22 April – 4 June 2005
Solo exhibition of recent work
Rupert Spira’s farmhouse and outbuildings on the edge of Shropshire are animated by pots: his own and those he has been given by friends or collected on his travels, in each domestic space; unglazed pots in his newly refurbished studio. A deep kitchen cupboard reveals satisfying stacks of his assorted tablewares from floor to ceiling – chrome and copper red plates, gleaming white dessert bowls and even a set of decorated plates he made as an apprentice to Michael Cardew at Wenford Bridge. Pots have come to rest everywhere – on shelves, window ledges and furniture, over wide doorways and fireplaces. All have been placed with deliberation. Some stand out dramatically against the light of a window, others retreat into corner shadows. There are early Cardews and French country pots, refined 13th century Chinese porcelains and pots by contemporary Japanese masters. Small cylindrical vases by Lucie Rie cluster near found birds’ nests and a group of Persian bowls. “It’s important to me, to be surrounded by these pots,” says Spira.
It is tempting to make a connection between this house as repository of layers of ceramics from different periods and cultures, and the artist’s own memory of accumulated images and experiences of pots. Spira is keen to point out that new work does not suddenly appear in response to some new fashion, but flourishes after many years of gestation. Pots inscribed with text can be traced back to his early bowls decorated with incised lines through a cobalt glaze, originally prompted by his discovery of Mimbres pottery in his twenties. “My pots have come out of contemplation, and they hopefully lead back to it,” he says.
Spira’s thinking and pots are evolving again, almost imperceptibly. Concerned that the viewer had become too caught up in reading his embossed poems, he has begun to abstract the words by running them together in a continuous line over interior and exterior surfaces.
He explains that this line may be read as a metaphor for the trace or resonance of an object or thought in memory. On a vast open bowl, the endless stream of letters appears like a lonely track in an expanse of newly fallen snow. There is no need to try and work them out. Better to let the eye roam and enjoy the interplay between the movement of the line and flowing edges of the form.
Spira’s large undulating bowls – fruits of “my twenty-five year apprenticeship” – indicate a relaxed and confident approach to throwing. “The making now feels absolutely intimate and familiar,” he says.
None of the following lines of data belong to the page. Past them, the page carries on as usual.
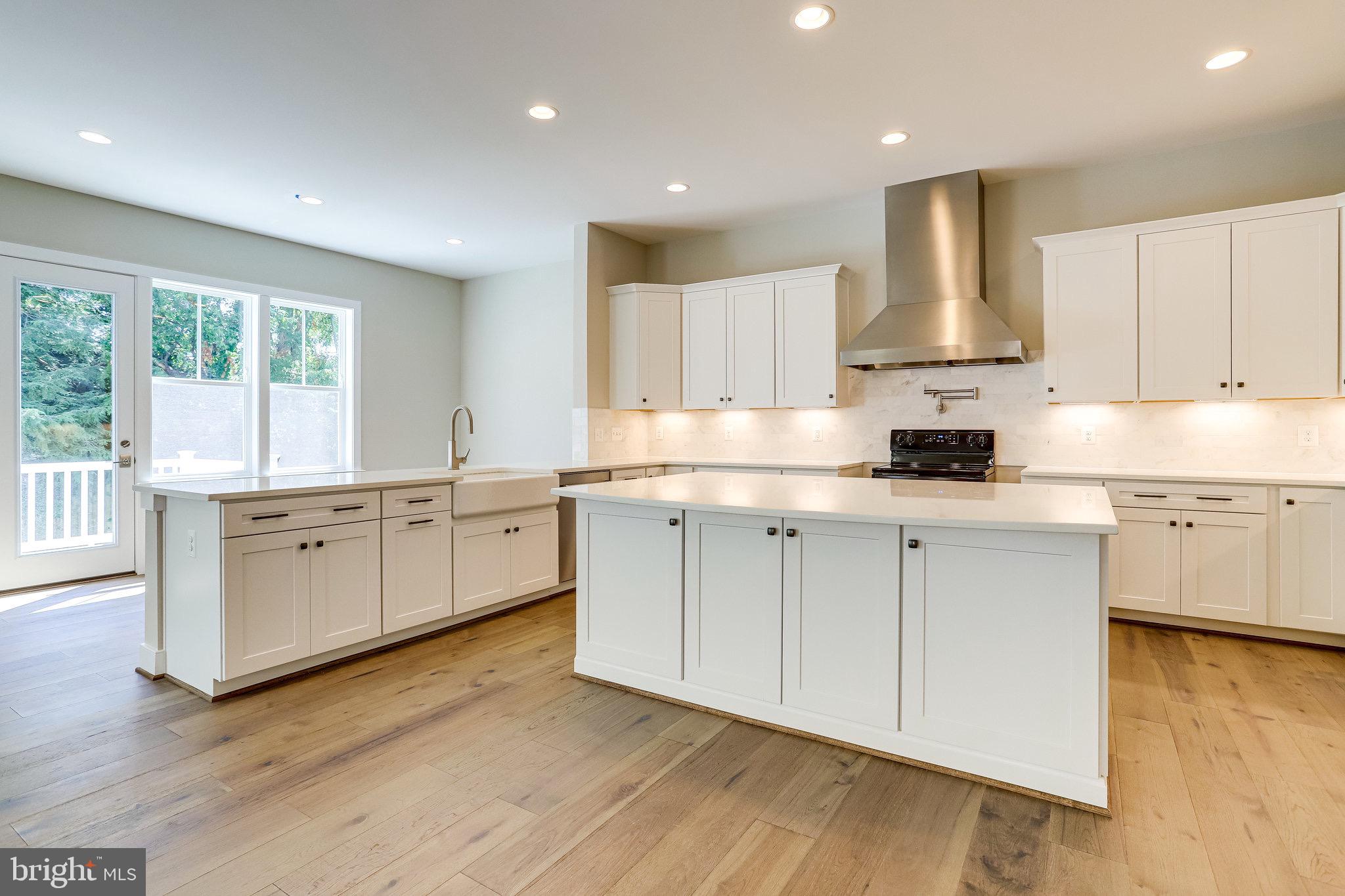 VIENNA WOODS - Residential
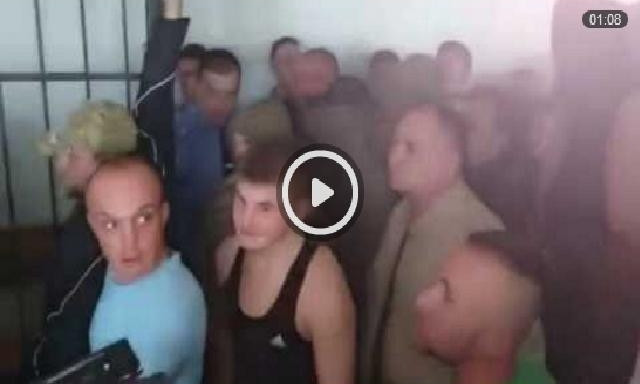 Активисты взяли в осаду Апелляционный суд и угрожают судьям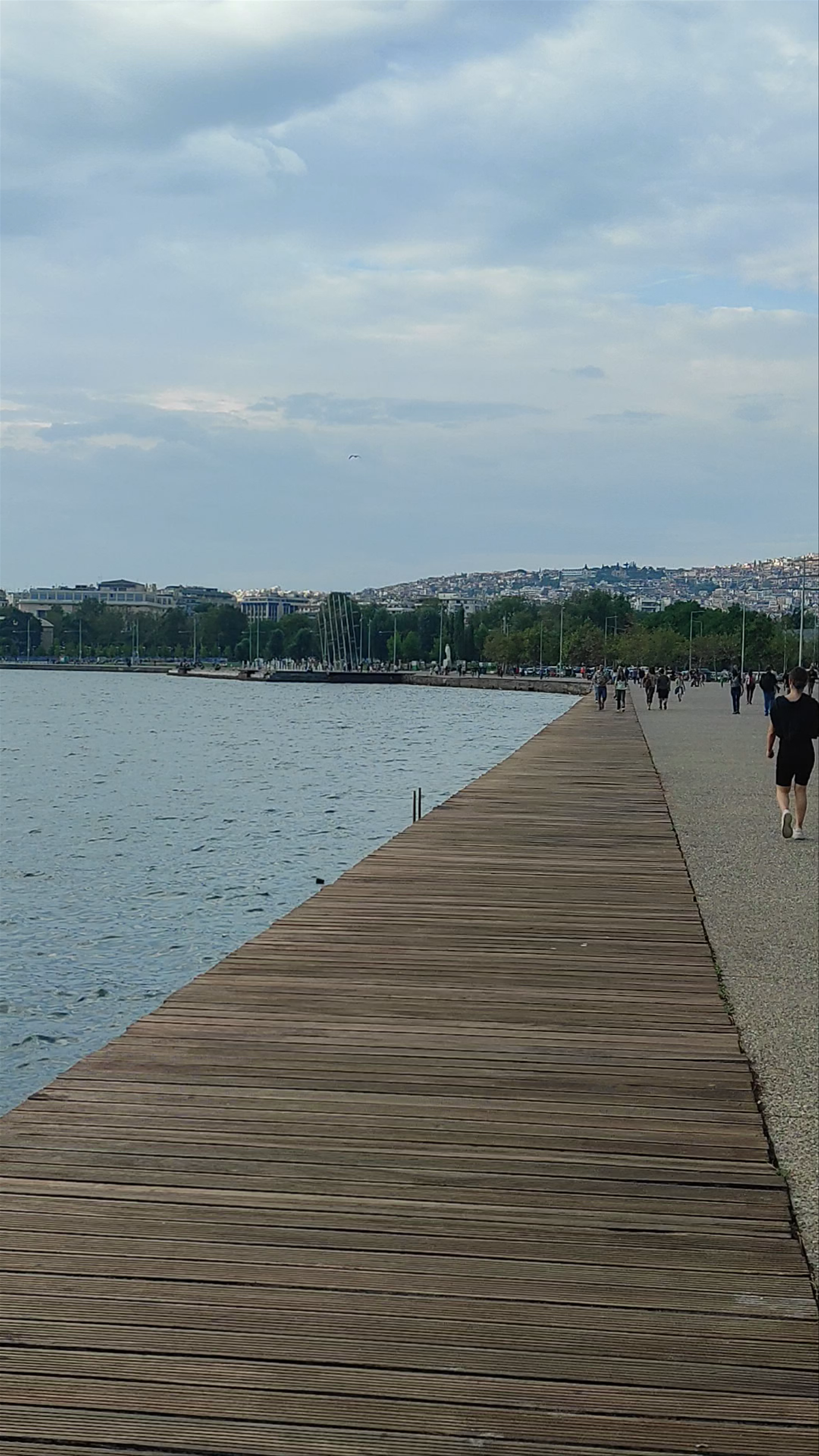  Thessaloniki waterfront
Coinciding with the sense of liberation in his potting, are new opportunities to think beyond the white cube and customary plinth. The prospect of showing his work in more imaginative ways, of “making an evocative space,” clearly motivates him.
In an earlier project this year, Spira presented various groups of work – large wall panels, tall cylindrical vessels, open bowls and ordered rows of smaller pots – that were designed to work as “a completely unified, strong and simple statement.” For his show at Contemporary Applied Arts he wanted to move away from this formality and has made a collection of bowls ranging in size from vast to minute. When asked if scale is important in his work he replies, “No! What is essential is monumentality, presence. A pot should be a focal point of condensed energy, whatever size it is. However, the other important aspect is intimacy.” His latest series of bowls combines both these potentially disparate elements.